◆ Prompt
Return every record exactly as written.

(Stored entries)
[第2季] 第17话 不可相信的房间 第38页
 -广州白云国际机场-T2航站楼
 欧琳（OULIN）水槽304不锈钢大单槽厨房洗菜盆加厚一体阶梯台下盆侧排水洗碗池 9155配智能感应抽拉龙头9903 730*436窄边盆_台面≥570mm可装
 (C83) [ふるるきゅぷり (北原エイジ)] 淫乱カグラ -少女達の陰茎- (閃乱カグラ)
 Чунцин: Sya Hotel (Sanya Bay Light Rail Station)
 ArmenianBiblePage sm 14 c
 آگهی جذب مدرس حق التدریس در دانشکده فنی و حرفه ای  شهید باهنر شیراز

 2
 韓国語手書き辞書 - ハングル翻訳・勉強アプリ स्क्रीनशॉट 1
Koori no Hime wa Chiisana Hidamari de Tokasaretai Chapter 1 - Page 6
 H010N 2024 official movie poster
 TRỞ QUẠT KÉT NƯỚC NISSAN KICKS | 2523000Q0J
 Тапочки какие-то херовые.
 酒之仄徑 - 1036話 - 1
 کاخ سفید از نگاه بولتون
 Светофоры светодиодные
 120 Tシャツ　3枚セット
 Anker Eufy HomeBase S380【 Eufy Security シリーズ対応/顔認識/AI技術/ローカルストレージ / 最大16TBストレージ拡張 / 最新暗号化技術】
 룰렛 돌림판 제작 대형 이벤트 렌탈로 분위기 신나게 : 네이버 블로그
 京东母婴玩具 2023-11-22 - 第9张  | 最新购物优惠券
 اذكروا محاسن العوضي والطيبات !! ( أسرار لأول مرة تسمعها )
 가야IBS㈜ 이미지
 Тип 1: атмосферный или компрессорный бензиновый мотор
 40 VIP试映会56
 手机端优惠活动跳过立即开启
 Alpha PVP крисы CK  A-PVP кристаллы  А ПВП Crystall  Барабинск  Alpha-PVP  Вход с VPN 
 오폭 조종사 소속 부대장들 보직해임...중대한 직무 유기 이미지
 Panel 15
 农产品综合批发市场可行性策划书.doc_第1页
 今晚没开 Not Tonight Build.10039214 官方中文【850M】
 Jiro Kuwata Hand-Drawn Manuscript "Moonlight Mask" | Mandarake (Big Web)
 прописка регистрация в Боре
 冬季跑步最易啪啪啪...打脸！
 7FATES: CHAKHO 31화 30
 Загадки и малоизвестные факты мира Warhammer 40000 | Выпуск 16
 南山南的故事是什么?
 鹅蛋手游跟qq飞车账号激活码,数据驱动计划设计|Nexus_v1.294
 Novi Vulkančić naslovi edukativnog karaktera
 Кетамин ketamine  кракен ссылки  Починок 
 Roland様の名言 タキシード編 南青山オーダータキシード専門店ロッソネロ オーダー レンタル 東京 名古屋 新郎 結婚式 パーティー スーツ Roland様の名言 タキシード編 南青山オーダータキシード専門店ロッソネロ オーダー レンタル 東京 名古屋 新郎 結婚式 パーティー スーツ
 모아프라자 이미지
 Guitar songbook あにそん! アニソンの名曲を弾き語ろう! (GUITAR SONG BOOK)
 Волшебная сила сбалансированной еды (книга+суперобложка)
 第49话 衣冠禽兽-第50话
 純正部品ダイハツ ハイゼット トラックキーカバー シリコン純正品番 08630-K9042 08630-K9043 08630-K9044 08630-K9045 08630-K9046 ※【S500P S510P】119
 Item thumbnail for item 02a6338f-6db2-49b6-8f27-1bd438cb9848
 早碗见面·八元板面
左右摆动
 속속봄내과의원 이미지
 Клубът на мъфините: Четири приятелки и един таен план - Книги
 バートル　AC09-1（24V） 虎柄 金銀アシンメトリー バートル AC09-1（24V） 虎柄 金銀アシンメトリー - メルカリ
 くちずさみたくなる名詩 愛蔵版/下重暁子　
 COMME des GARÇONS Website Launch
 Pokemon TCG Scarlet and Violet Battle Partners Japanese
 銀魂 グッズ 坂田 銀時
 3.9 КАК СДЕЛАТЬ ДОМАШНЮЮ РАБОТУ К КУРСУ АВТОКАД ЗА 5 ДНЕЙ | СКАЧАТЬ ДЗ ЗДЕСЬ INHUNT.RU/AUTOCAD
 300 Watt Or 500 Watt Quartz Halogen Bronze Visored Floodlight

◆ Completed exercise
[第2季] 第17话 不可相信的房间 第38页
 -广州白云国际机场-T2航站楼
 欧琳（OULIN）水槽304不锈钢大单槽厨房洗菜盆加厚一体阶梯台下盆侧排水洗碗池 9155配智能感应抽拉龙头9903 730*436窄边盆_台面≥570mm可装
 (C83) [ふるるきゅぷり (北原エイジ)] 淫乱カグラ -少女達の陰茎- (閃乱カグラ)
 Чунцин: Sya Hotel (Sanya Bay Light Rail Station)
 ArmenianBiblePage sm 14 c
 آگهی جذب مدرس حق التدریس در دانشکده فنی و حرفه ای  شهید باهنر شیراز

 2
 韓国語手書き辞書 - ハングル翻訳・勉強アプリ स्क्रीनशॉट 1
Koori no Hime wa Chiisana Hidamari de Tokasaretai Chapter 1 - Page 6
 H010N 2024 official movie poster
 TRỞ QUẠT KÉT NƯỚC NISSAN KICKS | 2523000Q0J
 Тапочки какие-то херовые.
 酒之仄徑 - 1036話 - 1
 کاخ سفید از نگاه بولتون
 Светофоры светодиодные
 120 Tシャツ　3枚セット
 Anker Eufy HomeBase S380【 Eufy Security シリーズ対応/顔認識/AI技術/ローカルストレージ / 最大16TBストレージ拡張 / 最新暗号化技術】
 룰렛 돌림판 제작 대형 이벤트 렌탈로 분위기 신나게 : 네이버 블로그
 京东母婴玩具 2023-11-22 - 第9张  | 最新购物优惠券
 اذكروا محاسن العوضي والطيبات !! ( أسرار لأول مرة تسمعها )
 가야IBS㈜ 이미지
 Тип 1: атмосферный или компрессорный бензиновый мотор
 40 VIP试映会56
 手机端优惠活动跳过立即开启
 Alpha PVP крисы CK  A-PVP кристаллы  А ПВП Crystall  Барабинск  Alpha-PVP  Вход с VPN 
 오폭 조종사 소속 부대장들 보직해임...중대한 직무 유기 이미지
 Panel 15
 农产品综合批发市场可行性策划书.doc_第1页
 今晚没开 Not Tonight Build.10039214 官方中文【850M】
 Jiro Kuwata Hand-Drawn Manuscript "Moonlight Mask" | Mandarake (Big Web)
 прописка регистрация в Боре
 冬季跑步最易啪啪啪...打脸！
 7FATES: CHAKHO 31화 30
 Загадки и малоизвестные факты мира Warhammer 40000 | Выпуск 16
 南山南的故事是什么?
 鹅蛋手游跟qq飞车账号激活码,数据驱动计划设计|Nexus_v1.294
 Novi Vulkančić naslovi edukativnog karaktera
 Кетамин ketamine  кракен ссылки  Починок 
 Roland様の名言 タキシード編 南青山オーダータキシード専門店ロッソネロ オーダー レンタル 東京 名古屋 新郎 結婚式 パーティー スーツ Roland様の名言 タキシード編 南青山オーダータキシード専門店ロッソネロ オーダー レンタル 東京 名古屋 新郎 結婚式 パーティー スーツ
 모아프라자 이미지
 Guitar songbook あにそん! アニソンの名曲を弾き語ろう! (GUITAR SONG BOOK)
 Волшебная сила сбалансированной еды (книга+суперобложка)
 第49话 衣冠禽兽-第50话
 純正部品ダイハツ ハイゼット トラックキーカバー シリコン純正品番 08630-K9042 08630-K9043 08630-K9044 08630-K9045 08630-K9046 ※【S500P S510P】119
 Item thumbnail for item 02a6338f-6db2-49b6-8f27-1bd438cb9848
 早碗见面·八元板面
左右摆动
 속속봄내과의원 이미지
 Клубът на мъфините: Четири приятелки и един таен план - Книги
 バートル　AC09-1（24V） 虎柄 金銀アシンメトリー バートル AC09-1（24V） 虎柄 金銀アシンメトリー - メルカリ
 くちずさみたくなる名詩 愛蔵版/下重暁子　
 COMME des GARÇONS Website Launch
 Pokemon TCG Scarlet and Violet Battle Partners Japanese
 銀魂 グッズ 坂田 銀時
 3.9 КАК СДЕЛАТЬ ДОМАШНЮЮ РАБОТУ К КУРСУ АВТОКАД ЗА 5 ДНЕЙ | СКАЧАТЬ ДЗ ЗДЕСЬ INHUNT.RU/AUTOCAD
 300 Watt Or 500 Watt Quartz Halogen Bronze Visored Floodlight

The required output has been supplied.